In total, 605,774 sacrificial animals have prepared in the district, he added.
Similarly, a total of 3.91 lakh sacrificial animals have prepared in Sirajganj, of which 1.71 lakh are cattle, according to Gourango Kumar Talukder, the district livestock officer of Sirajganj.
Of the cattle prepared, around 1.21 lakh are fattened, he added.
Cattle fattening gets costly as feed prices soar.
Md Habib in Pabna's Balarampur village started cattle farming a couple of years ago as a hobby but now, it is one of his biggest businesses.
"This year, I have prepared 31 cows for sale with 22 of them weighting between 600 and 900 kilogrammes," he said.
Habib bought the cows after Eid-ul-Azha last year and followed a sufficiently organic nursing method to rear the cattle.
"But now I am worried about getting the expected prices," said Habib, who bought each cow for Tk 1.2 lakh to Tk 1.5 lakh and spent a further Tk 70,000 to Tk 1.25 lakh on nursing each of them for the last 11 months.
The businessman said he used various nutritious food ingredients with timely medical care following the guidelines of veterinarians so that his cattle could grow up without disease.
Habib himself made mixed food powders comprised of wheat, peas, lentils and corn to ensure proper nutrition for his animals.
He also gave them straw and grass regularly.
"I need Tk 200 to Tk 225 for feed and labour costs of a middle-sized cow each day while it costs Tk 300 to Tk 325 for big cows as the price of dairy feed has been soaring rapidly in the last few months," Habib said.
Other than meeting their nutritional needs, he also gave the cattle various vitamin and vaccine shots so that they could stay healthy.
"But fattening costs have ballooned by 30 to 40 per cent this year due to soaring feed prices," he added.
Each bag of wheat bran is currently selling for Tk 1,900 to Tk 1,950, lentils Tk 1,800 to Tk 1,850, lentil bran Tk 1,300, pea bran Tk 2000 and rice bran Tk 700.
"The price of all kinds of dairy feed has jumped by Tk 200 to Tk 400 in the last couple of months and so, fattening costs have risen by 30 to 40 per cent compared to last year," said Raju Ahmed, a cattle farmer of Ramkharua village in Sirajganj's Shahzadpur upazila.
Raju was forced to sell six of his cows a month ago after failing to bear the burden of excessive maintenance costs.
"Although I started fattening the six cows in anticipation of a handsome profit in the festival market, I had to sell them beforehand," he said.
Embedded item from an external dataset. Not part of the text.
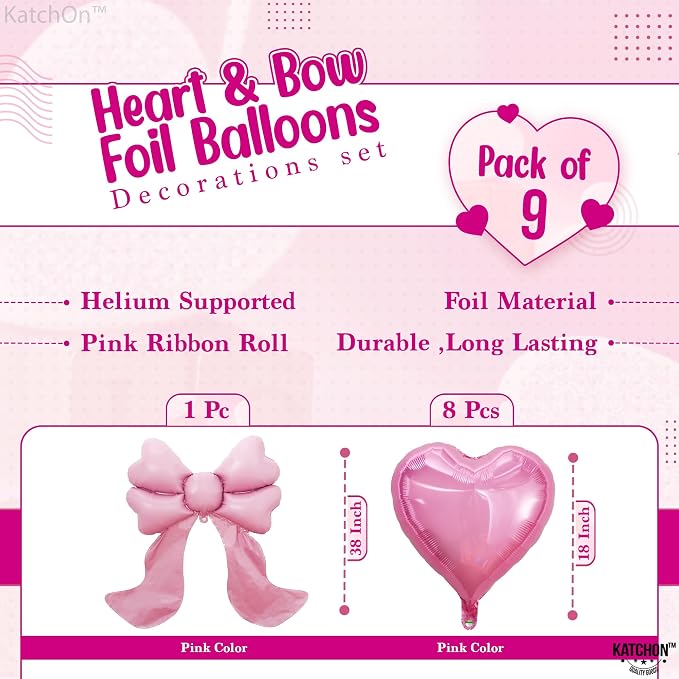 KatchOn Heart & Bow Balloons Set Pink, Heart Shaped Balloons, Valentine - Image 2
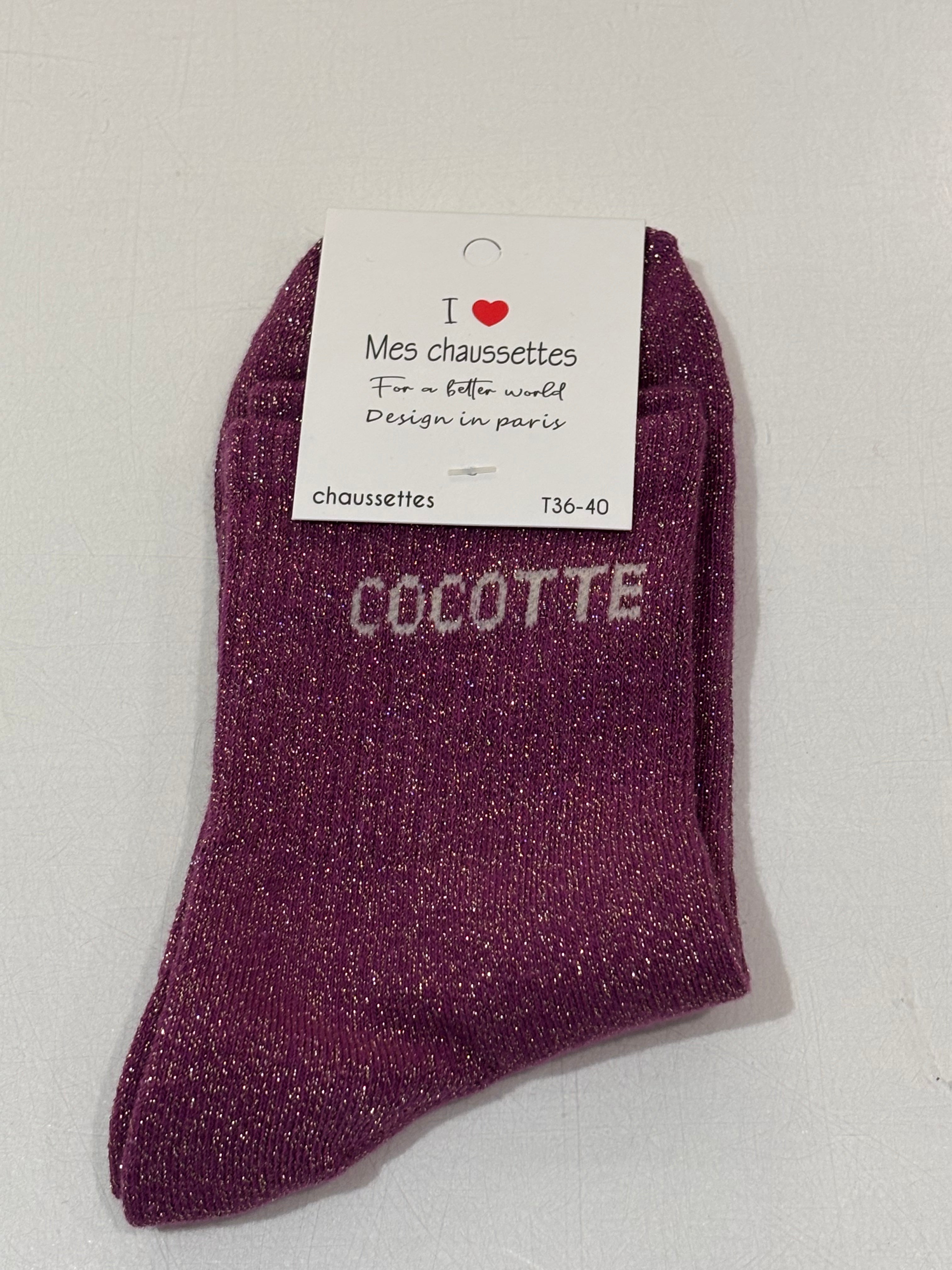 Chaussettes à paillettes violettes - Cocotte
Md Saiful Islam, secretary of the Bangladesh Dairy Farmers' Association (Pabna unit), said each maund (37 kilogrammes) of dairy meat is selling for about Tk 25,000 at present, which is not enough for fattened animals.
"Due to excessive maintenance costs for increasing feed prices, the fattening cost of each maund of meat reaches about Tk 25,000. So, farmers can only make a profit by selling the fattened cows at a minimum of Tk 30,000 per maund," Islam added.
However, livestock officials claimed the price of sacrificial animals is never fixed as it depends on supply, demand and choice of the customers.
Meanwhile, farmers will have the opportunity for online marketing this year, they said.